This Text to Video Lip Sync example starts with the same natural talking clip as the uploaded-audio tutorial, but uses a different input strategy. Instead of supplying the final line as audio, we clone a voice from a short reference sample and replace the spoken line with text.
Source clip
Here is the source video used for this tutorial.
Source video requirements
For text-driven rewrites, the source clip should still feel like a natural talking performance.
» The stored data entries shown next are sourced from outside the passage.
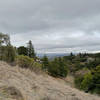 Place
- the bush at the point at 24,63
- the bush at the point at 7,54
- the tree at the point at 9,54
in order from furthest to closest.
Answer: the bush at the point at 7,54 → the tree at the point at 9,54 → the bush at the point at 24,63

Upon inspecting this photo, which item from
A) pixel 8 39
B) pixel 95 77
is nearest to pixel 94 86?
pixel 95 77

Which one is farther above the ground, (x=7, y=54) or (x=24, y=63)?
(x=7, y=54)

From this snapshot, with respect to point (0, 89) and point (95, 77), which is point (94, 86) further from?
point (0, 89)

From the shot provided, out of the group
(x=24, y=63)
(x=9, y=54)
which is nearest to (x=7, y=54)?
(x=9, y=54)

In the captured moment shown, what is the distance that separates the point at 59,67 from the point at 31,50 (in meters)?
14.8

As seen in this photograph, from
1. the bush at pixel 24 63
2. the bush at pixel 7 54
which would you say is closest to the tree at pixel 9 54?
the bush at pixel 7 54

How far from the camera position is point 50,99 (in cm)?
457

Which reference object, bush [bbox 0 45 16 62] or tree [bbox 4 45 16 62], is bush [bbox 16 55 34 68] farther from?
bush [bbox 0 45 16 62]

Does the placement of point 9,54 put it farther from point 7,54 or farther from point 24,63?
point 24,63

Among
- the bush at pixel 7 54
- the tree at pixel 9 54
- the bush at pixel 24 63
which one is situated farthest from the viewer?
the bush at pixel 7 54

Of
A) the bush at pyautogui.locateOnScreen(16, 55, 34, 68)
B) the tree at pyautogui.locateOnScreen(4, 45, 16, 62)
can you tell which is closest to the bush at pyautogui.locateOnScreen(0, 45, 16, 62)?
the tree at pyautogui.locateOnScreen(4, 45, 16, 62)

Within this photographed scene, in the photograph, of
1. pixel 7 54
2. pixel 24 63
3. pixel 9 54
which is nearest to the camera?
pixel 24 63

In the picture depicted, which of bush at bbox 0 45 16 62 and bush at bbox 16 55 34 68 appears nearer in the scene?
bush at bbox 16 55 34 68

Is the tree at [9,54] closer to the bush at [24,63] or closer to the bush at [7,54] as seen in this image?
the bush at [7,54] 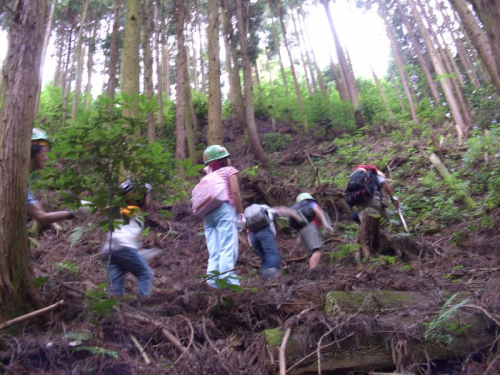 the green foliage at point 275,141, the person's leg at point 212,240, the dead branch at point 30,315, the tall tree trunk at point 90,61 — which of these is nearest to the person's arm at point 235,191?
the person's leg at point 212,240

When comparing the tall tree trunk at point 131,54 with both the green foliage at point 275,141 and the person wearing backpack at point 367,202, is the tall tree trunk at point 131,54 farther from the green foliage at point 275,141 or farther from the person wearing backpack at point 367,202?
the green foliage at point 275,141

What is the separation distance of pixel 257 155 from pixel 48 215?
11.1 metres

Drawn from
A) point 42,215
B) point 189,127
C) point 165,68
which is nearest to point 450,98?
point 189,127

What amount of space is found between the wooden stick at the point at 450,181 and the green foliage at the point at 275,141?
7.61 meters

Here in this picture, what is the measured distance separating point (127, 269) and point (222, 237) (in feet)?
3.46

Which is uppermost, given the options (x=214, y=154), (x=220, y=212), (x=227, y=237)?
(x=214, y=154)

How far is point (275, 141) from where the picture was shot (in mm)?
→ 18281

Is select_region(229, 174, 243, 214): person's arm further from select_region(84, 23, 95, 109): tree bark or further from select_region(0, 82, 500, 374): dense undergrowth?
select_region(84, 23, 95, 109): tree bark

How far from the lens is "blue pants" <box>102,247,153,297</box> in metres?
4.09

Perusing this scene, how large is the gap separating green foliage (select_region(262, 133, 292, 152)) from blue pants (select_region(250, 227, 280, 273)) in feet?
41.4

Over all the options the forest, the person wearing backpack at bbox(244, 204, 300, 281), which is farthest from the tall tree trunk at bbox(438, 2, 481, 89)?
the person wearing backpack at bbox(244, 204, 300, 281)

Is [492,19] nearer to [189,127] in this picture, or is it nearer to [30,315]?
[30,315]

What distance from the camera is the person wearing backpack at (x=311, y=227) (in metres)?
5.84

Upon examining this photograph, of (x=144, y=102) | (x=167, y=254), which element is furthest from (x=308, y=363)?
(x=167, y=254) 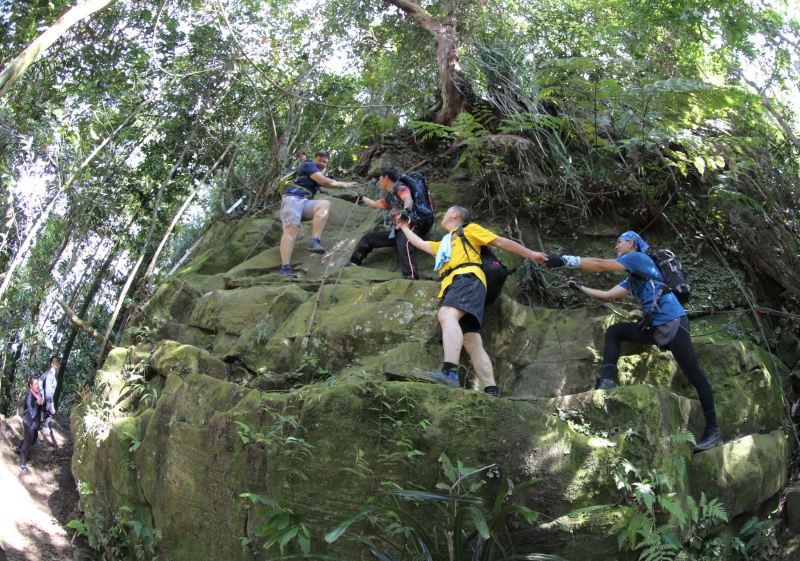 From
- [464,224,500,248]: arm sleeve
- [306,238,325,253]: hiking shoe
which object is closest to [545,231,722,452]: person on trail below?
[464,224,500,248]: arm sleeve

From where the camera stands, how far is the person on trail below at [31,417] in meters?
10.0

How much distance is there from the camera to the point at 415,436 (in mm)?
4824

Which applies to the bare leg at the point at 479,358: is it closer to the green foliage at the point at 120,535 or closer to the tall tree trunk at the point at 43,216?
the green foliage at the point at 120,535

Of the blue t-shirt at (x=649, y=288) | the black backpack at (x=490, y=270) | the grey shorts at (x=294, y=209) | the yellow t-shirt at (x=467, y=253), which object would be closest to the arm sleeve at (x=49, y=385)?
the grey shorts at (x=294, y=209)

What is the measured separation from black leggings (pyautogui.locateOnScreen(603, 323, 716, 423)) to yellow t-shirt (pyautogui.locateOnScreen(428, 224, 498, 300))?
1.29 metres

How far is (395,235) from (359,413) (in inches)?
136

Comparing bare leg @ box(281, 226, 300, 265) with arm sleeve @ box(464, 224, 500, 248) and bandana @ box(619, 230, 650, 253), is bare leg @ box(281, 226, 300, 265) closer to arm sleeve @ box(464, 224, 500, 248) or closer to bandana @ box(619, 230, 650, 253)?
arm sleeve @ box(464, 224, 500, 248)

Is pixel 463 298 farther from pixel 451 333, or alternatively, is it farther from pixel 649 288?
pixel 649 288

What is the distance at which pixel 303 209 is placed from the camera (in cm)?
Result: 826

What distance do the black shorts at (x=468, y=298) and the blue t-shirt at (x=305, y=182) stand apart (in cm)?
316

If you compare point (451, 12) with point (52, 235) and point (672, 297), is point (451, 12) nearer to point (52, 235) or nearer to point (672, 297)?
point (672, 297)

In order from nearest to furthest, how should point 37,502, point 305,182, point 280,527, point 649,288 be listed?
point 280,527 < point 649,288 < point 305,182 < point 37,502

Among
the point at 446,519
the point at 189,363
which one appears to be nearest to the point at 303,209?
the point at 189,363

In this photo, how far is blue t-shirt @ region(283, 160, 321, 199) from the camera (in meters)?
8.24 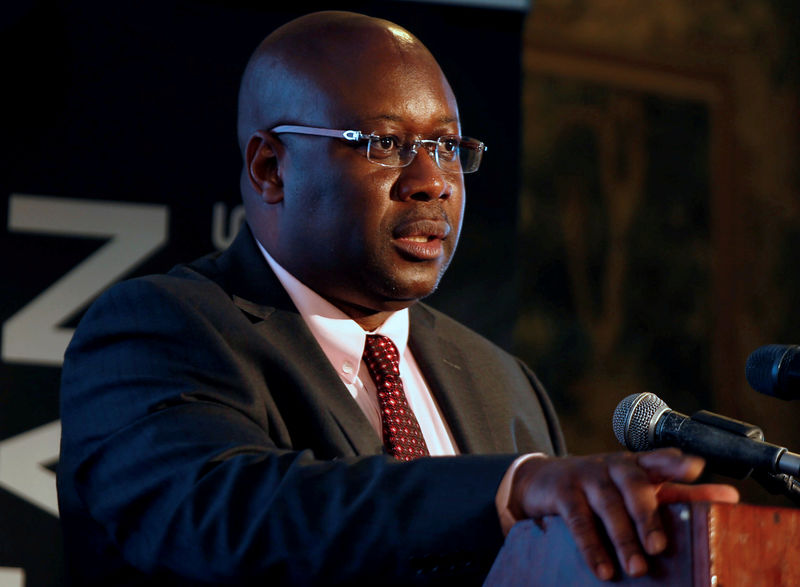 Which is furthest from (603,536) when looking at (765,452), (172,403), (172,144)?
(172,144)

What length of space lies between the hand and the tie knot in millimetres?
962

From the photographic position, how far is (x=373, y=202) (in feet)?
6.56

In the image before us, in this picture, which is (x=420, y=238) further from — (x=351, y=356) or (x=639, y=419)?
(x=639, y=419)

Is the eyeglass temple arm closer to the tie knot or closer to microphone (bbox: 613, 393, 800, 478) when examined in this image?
the tie knot

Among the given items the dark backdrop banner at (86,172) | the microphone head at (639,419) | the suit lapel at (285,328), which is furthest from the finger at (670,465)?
the dark backdrop banner at (86,172)

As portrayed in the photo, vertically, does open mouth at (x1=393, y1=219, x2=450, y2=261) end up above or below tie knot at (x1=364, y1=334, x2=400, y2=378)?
above

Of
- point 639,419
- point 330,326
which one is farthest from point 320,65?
point 639,419

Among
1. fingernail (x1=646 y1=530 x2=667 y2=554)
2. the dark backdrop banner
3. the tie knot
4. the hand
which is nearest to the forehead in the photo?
the tie knot

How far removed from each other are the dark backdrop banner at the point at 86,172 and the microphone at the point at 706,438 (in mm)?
1661

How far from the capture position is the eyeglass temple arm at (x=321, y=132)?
79.7 inches

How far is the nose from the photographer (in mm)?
2014

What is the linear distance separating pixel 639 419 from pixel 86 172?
6.10 ft

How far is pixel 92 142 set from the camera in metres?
2.79

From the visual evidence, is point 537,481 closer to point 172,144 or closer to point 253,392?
point 253,392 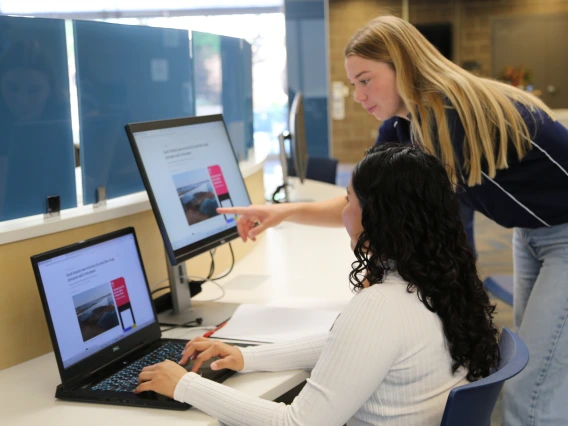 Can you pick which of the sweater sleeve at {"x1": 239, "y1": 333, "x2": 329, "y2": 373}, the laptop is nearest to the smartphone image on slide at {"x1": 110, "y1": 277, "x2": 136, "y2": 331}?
the laptop

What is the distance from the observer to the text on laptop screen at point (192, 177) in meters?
1.67

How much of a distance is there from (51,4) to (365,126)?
15.1ft

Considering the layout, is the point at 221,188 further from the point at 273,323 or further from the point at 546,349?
the point at 546,349

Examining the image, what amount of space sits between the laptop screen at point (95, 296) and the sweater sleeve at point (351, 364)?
0.46 m

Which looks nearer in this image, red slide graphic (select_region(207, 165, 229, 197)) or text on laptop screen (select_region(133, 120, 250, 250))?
text on laptop screen (select_region(133, 120, 250, 250))

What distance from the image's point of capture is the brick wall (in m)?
10.2

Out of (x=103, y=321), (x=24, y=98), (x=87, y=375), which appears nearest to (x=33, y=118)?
(x=24, y=98)

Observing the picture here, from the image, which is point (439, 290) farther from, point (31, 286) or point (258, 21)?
point (258, 21)

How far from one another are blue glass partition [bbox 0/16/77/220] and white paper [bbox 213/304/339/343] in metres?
0.51

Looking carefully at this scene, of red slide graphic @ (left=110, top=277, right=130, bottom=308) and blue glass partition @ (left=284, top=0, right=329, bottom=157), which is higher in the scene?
blue glass partition @ (left=284, top=0, right=329, bottom=157)

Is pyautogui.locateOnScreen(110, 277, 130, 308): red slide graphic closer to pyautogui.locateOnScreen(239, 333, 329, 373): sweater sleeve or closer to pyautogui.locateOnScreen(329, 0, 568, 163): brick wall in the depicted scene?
pyautogui.locateOnScreen(239, 333, 329, 373): sweater sleeve

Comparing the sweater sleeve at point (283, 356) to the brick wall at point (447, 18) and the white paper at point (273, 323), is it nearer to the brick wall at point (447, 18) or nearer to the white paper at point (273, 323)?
the white paper at point (273, 323)

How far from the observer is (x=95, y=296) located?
145 cm

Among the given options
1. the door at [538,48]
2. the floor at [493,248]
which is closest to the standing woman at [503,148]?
the floor at [493,248] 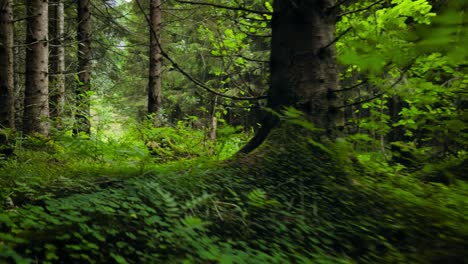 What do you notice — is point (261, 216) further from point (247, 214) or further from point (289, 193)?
point (289, 193)

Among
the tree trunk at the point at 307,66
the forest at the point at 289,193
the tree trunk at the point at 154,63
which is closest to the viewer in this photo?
the forest at the point at 289,193

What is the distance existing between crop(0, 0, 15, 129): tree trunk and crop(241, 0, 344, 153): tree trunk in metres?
3.43

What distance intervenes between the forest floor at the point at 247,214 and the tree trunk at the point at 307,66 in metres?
0.32

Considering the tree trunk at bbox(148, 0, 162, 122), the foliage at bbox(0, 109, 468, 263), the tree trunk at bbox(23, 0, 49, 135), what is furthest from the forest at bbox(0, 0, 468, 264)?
the tree trunk at bbox(148, 0, 162, 122)

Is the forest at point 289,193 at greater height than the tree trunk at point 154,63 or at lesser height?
lesser

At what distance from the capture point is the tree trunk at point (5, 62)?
4.35 meters

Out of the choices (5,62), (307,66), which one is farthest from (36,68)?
(307,66)

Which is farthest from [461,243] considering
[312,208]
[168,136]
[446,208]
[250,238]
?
[168,136]

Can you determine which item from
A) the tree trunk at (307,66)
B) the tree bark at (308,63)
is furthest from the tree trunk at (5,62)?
the tree bark at (308,63)

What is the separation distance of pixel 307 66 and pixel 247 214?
167cm

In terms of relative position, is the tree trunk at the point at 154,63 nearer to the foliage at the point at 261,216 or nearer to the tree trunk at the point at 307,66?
the tree trunk at the point at 307,66

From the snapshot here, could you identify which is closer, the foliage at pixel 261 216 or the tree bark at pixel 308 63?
the foliage at pixel 261 216

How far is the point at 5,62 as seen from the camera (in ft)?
14.5

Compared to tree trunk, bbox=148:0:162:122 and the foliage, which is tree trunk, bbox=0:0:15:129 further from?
tree trunk, bbox=148:0:162:122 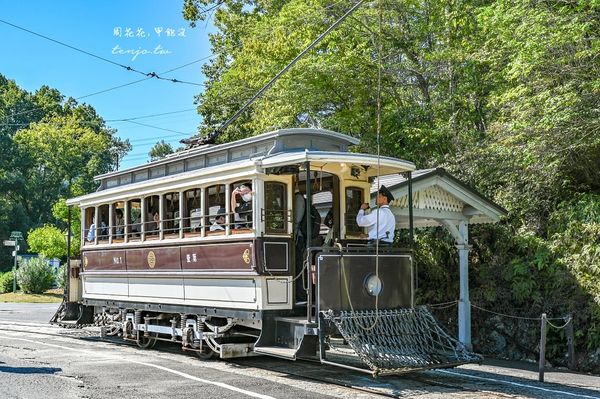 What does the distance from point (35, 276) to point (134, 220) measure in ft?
79.9

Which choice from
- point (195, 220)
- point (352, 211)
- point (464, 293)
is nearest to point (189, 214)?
point (195, 220)

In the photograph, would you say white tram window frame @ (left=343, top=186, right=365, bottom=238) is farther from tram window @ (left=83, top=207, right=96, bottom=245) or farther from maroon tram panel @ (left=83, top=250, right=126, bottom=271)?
tram window @ (left=83, top=207, right=96, bottom=245)

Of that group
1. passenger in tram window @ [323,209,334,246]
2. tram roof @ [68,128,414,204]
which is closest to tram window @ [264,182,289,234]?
tram roof @ [68,128,414,204]

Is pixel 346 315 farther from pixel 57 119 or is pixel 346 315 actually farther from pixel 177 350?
pixel 57 119

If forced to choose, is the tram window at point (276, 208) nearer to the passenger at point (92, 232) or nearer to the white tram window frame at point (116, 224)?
the white tram window frame at point (116, 224)

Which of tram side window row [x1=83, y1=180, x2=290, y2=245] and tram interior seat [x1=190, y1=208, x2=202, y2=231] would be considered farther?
tram interior seat [x1=190, y1=208, x2=202, y2=231]

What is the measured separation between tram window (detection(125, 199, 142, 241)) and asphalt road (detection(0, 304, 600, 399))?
7.26 feet

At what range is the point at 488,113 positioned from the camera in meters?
19.0

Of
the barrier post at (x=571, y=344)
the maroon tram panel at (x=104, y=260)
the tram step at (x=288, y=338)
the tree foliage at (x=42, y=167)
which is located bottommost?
the barrier post at (x=571, y=344)

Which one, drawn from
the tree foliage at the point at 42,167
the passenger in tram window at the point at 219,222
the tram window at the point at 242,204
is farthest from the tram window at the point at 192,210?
the tree foliage at the point at 42,167

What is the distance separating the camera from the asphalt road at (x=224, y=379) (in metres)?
8.71

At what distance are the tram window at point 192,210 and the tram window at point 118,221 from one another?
246cm

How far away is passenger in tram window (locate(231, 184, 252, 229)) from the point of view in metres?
10.7

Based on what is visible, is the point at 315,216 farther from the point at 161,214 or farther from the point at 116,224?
the point at 116,224
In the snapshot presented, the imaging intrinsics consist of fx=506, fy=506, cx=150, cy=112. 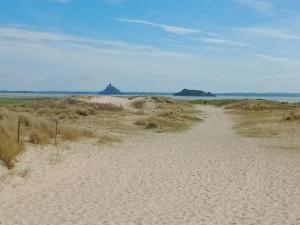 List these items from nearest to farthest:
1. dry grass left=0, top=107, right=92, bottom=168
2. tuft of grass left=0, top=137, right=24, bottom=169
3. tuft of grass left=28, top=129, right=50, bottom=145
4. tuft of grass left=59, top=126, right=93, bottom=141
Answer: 1. tuft of grass left=0, top=137, right=24, bottom=169
2. dry grass left=0, top=107, right=92, bottom=168
3. tuft of grass left=28, top=129, right=50, bottom=145
4. tuft of grass left=59, top=126, right=93, bottom=141

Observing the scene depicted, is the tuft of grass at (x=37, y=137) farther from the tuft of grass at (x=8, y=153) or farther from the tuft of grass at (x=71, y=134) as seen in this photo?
the tuft of grass at (x=8, y=153)

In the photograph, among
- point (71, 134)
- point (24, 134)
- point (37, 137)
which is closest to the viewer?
point (37, 137)

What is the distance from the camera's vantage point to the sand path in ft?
29.2

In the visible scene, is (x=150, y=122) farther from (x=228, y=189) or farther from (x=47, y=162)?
(x=228, y=189)

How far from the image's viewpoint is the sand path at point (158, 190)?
29.2 feet

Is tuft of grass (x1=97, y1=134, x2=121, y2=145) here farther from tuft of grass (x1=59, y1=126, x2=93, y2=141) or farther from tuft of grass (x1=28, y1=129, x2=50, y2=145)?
tuft of grass (x1=28, y1=129, x2=50, y2=145)

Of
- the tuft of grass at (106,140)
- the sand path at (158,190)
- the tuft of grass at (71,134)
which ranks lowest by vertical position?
the sand path at (158,190)

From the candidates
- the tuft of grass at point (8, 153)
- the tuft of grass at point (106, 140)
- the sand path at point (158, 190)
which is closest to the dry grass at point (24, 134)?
the tuft of grass at point (8, 153)

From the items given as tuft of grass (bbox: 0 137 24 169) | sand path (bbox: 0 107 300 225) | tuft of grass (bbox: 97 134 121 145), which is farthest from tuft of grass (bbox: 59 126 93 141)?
tuft of grass (bbox: 0 137 24 169)

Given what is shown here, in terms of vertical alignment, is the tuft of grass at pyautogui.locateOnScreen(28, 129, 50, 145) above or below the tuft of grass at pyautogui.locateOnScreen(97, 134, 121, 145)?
above

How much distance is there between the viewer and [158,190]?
37.9 ft

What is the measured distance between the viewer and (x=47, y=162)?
14609 mm

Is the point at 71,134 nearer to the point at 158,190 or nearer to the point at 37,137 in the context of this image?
the point at 37,137

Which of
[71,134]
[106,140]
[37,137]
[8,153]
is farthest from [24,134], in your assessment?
[8,153] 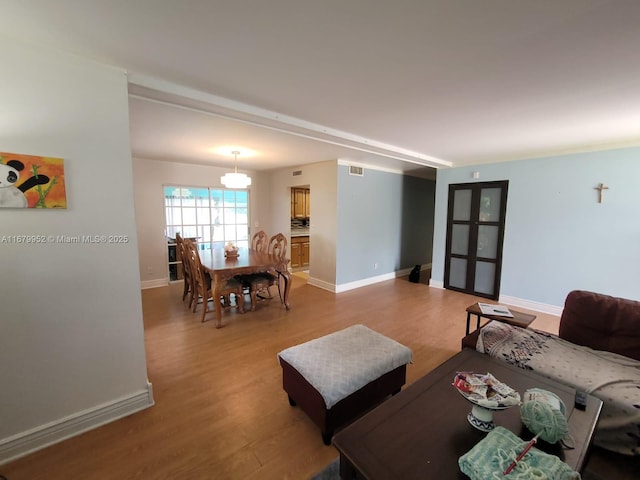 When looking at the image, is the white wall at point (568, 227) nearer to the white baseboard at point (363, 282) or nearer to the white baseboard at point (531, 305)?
the white baseboard at point (531, 305)

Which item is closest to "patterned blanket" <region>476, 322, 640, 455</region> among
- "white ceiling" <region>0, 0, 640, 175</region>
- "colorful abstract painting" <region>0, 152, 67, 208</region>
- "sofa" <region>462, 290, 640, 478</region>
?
"sofa" <region>462, 290, 640, 478</region>

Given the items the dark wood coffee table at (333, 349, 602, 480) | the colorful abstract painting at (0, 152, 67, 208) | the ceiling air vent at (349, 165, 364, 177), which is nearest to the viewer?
the dark wood coffee table at (333, 349, 602, 480)

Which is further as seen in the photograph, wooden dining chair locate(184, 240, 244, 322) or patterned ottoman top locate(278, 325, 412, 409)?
wooden dining chair locate(184, 240, 244, 322)

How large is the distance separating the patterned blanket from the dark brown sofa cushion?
0.11m

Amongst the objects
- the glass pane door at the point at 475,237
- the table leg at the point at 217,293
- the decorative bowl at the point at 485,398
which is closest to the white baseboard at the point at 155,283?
the table leg at the point at 217,293

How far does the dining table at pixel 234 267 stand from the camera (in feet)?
11.0

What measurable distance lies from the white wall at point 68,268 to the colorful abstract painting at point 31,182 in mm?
39

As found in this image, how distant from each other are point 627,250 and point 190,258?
5764 mm

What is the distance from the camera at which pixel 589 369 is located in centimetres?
184

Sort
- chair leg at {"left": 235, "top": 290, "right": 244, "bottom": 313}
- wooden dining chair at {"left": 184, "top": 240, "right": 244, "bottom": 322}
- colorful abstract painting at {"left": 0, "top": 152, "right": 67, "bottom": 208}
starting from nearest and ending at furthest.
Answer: colorful abstract painting at {"left": 0, "top": 152, "right": 67, "bottom": 208}
wooden dining chair at {"left": 184, "top": 240, "right": 244, "bottom": 322}
chair leg at {"left": 235, "top": 290, "right": 244, "bottom": 313}

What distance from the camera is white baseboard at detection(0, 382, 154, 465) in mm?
1596

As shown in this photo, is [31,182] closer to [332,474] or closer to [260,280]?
[332,474]

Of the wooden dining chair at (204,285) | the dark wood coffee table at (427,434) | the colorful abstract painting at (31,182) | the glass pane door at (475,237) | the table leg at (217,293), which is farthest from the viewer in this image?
the glass pane door at (475,237)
- A natural speaking clip works best, and it does not need to contain the final line you want in the finished video
- Around 5 seconds to a few minutes is fine
- The face should stay visible for most of the shot
- Small, believable motion is good
- Avoid exaggerated gestures, sudden turns, or large action beats
If you are filming a clip specifically for this workflow, keep it simple and natural. Saying "one two three" during recording is enough. That is one of the main strengths of this tool: you do not need to memorize or perform the final script on camera to get a believable talking video later.
Voice reference
This is the voice reference used to clone the speaking style:
Voice reference input
Replacement script
This is the exact script used for the rewritten version:
That's it for today! Isn't this incredible? It's free, it's fast, it's u* — and you can even generate lip sync videos up to 60 minutes long.
This path is useful when:
- You want to revise the line without recording new audio
- You need to localize or patch one sentence quickly
- You want the new speech to follow a chosen voice identity
Generated result
Here is the finished result generated from the source clip, voice reference, and replacement script:
Open the dedicated watch page for this result
What this tutorial shows
- One natural source clip can be reused for a fully new spoken line
- A short voice reference is enough to define the vocal identity
- Text rewrites are strongest when the source motion stays calm and believable
How to recreate this workflow
- Open Text to Video Lip Sync.
- Upload a natural talking video with one clear face.
- Upload a short voice reference for cloning.
- Paste the new script you want the video to say.
- Generate the result and check whether the new spoken line feels believable in the original shot.